Additionally, the processor may be implemented using any of a
number of architectures. For example, the processor 410 may be a
CISC (Complex Instruction Set Computers) processor, a RISC (Reduced
Instruction Set Computer) processor, or a MISC (Minimal Instruction
Set Computer) processor. The processor may provide, for example,
for coordination of the other components of the device 850, such as
control of user interfaces, applications run by device 850, and
wireless communication by device 850.
[0135] Processor 852 may communicate with a user through control
interface 858 and display interface 856 coupled to a display 854.
The display 854 may be, for example, a TFT (Thin-Film-Transistor
Liquid Crystal Display) display or an OLED (Organic Light Emitting
Diode) display, or other appropriate display technology. The
display interface 856 may comprise appropriate circuitry for
driving the display 854 to present graphical and other information
to a user. The control interface 858 may receive commands from a
user and convert them for submission to the processor 852. In
addition, an external interface 862 may be provide in communication
with processor 852, so as to enable near area communication of
device 850 with other devices. External interface 862 may provide,
for example, for wired communication in some implementations, or
for wireless communication in other implementations, and multiple
interfaces may also be used.
[0136] The memory 864 stores information within the computing
device 850. The memory 864 can be implemented as one or more of a
computer-readable medium or media, a volatile memory unit or units,
or a non-volatile memory unit or units. Expansion memory 874 may
also be provided and connected to device 850 through expansion
interface 872, which may include, for example, a SIMM (Single In
Line Memory Module) card interface. Such expansion memory 874 may
provide extra storage space for device 850, or may also store
applications or other information for device 850. Specifically,
expansion memory 874 may include instructions to carry out or
supplement the processes described above, and may include secure
information also. Thus, for example, expansion memory 874 may be
provide as a security module for device 850, and may be programmed
with instructions that permit secure use of device 850. In
addition, secure applications may be provided via the SIMM cards,
along with additional information, such as placing identifying
information on the SIMM card in a non-hackable manner.

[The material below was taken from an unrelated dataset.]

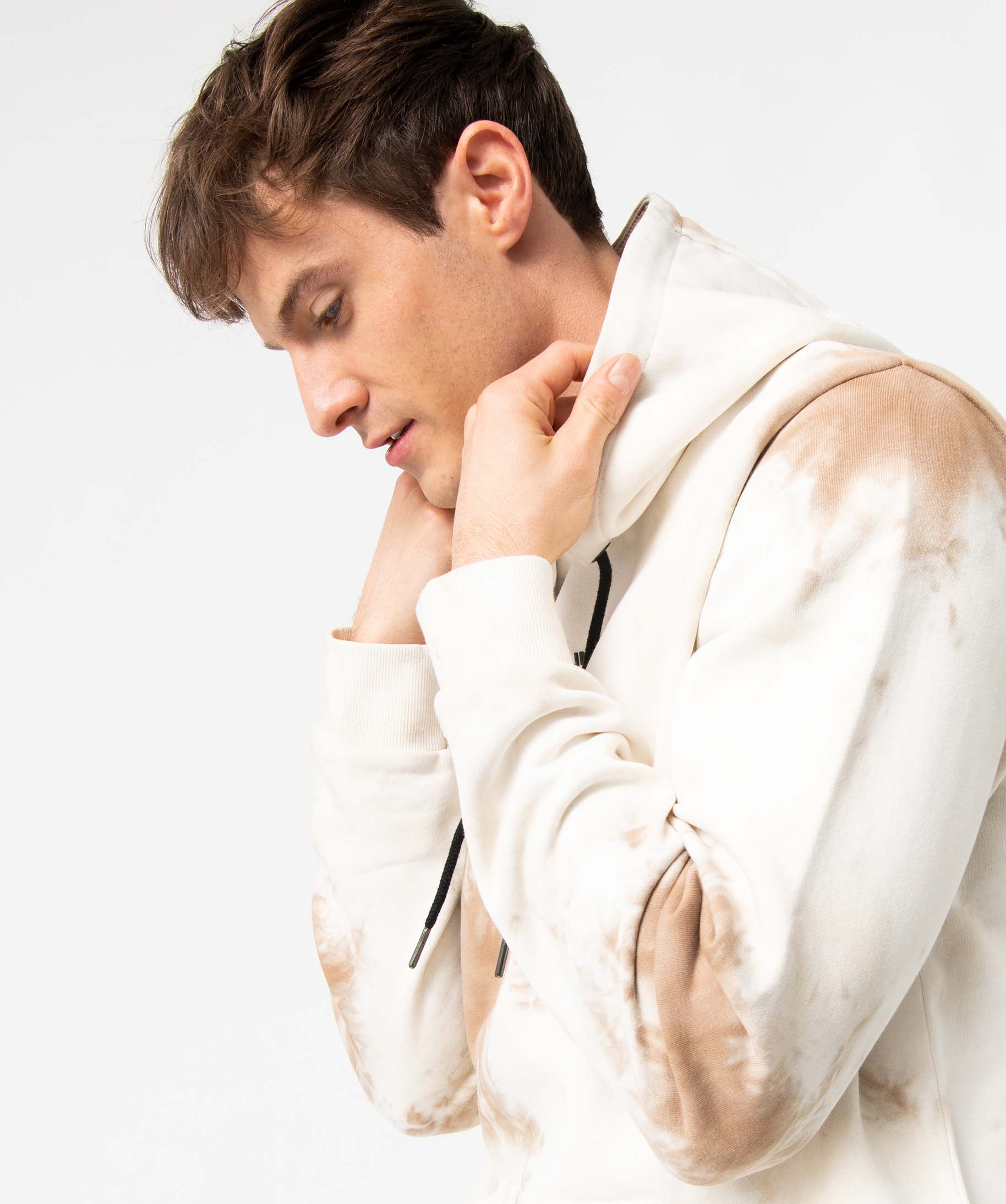 Sweat homme tie-and-dye à capuche beige | GEMO
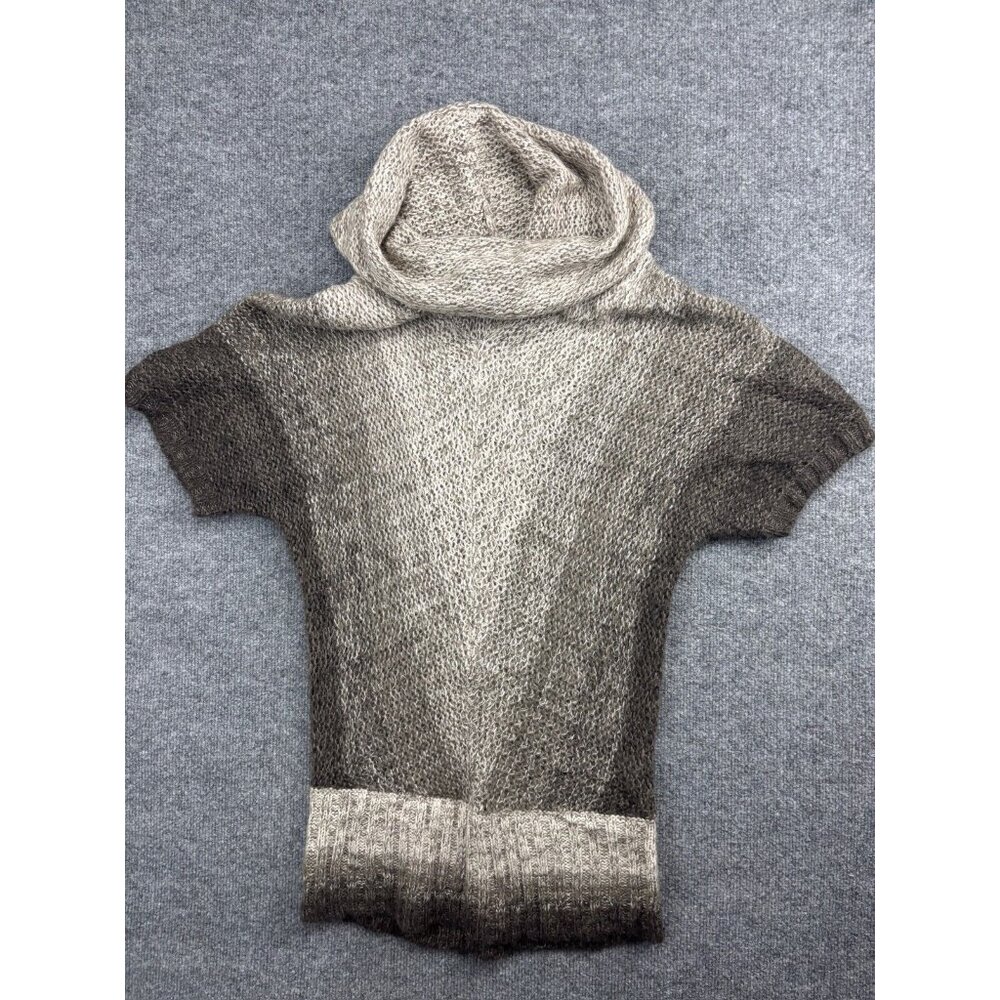 Fenn Wright Mason Short Sleeve Sweater Women's S Brown Cowl Neck Wool Blend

[0137] The memory may include, for example, flash memory and/or
NVRAM memory, as discussed below. In one implementation, a computer
program product is tangibly embodied in an information carrier. The
computer program product contains instructions that, when executed,
perform one or more methods, such as those described above. The
information carrier is a computer- or machine-readable medium, such
as the memory 864, expansion memory 874, or memory on processor 852
that may be received, for example, over transceiver 868 or external
interface 862.
[0138] Device 850 may communicate wirelessly through communication
interface 866, which may include digital signal processing
circuitry where necessary. Communication interface 866 may provide
for communications under various modes or protocols, such as GSM
voice calls, SMS, EMS, or MMS messaging, CDMA, TDMA, PDC, WCDMA,
CDMA2000, or GPRS, among others. Such communication may occur, for
example, through radio-frequency transceiver 868. In addition,
short-range communication may occur, such as using a Bluetooth,
WiFi, or other such transceiver (not shown). In addition, GPS
(Global Positioning System) receiver module 870 may provide
additional navigation- and location-related wireless data to device
850, which may be used as appropriate by applications running on
device 850.
[0139] Device 850 may also communicate audibly using audio codec
860, which may receive spoken information from a user and convert
it to usable digital information. Audio codec 860 may likewise
generate audible sound for a user, such as through a speaker, e.g.,
in a handset of device 850. Such sound may include sound from voice
telephone calls, may include recorded sound (e.g., voice messages,
music files, etc.) and may also include sound generated by
applications operating on device 850.
[0140] The computing device 850 may be implemented in a number of
different forms, as shown in the figure. For example, it may be
implemented as a cellular telephone 880. It may also be implemented
as part of a smartphone 882, personal digital assistant, or other
similar mobile device.
[0141] Various implementations of the systems and techniques
described here can be realized in digital electronic circuitry,
integrated circuitry, specially designed ASICs (application
specific integrated circuits), computer hardware, firmware,
software, and/or combinations thereof. These various
implementations can include implementation in one or more computer
programs that are executable and/or interpretable on a programmable
system including at least one programmable processor, which may be
special or general purpose, coupled to receive data and
instructions from, and to transmit data and instructions to, a
storage system, at least one input device, and at least one output
device.
[0142] These computer programs (also known as programs, software,
software applications or code) include machine instructions for a
programmable processor, and can be implemented in a high-level
procedural and/or object-oriented programming language, and/or in
assembly/machine language. As used herein, the terms
"machine-readable medium" "computer-readable medium" refers to any
computer program product, apparatus and/or device (e.g., magnetic
discs, optical disks, memory, Programmable Logic Devices (PLDs))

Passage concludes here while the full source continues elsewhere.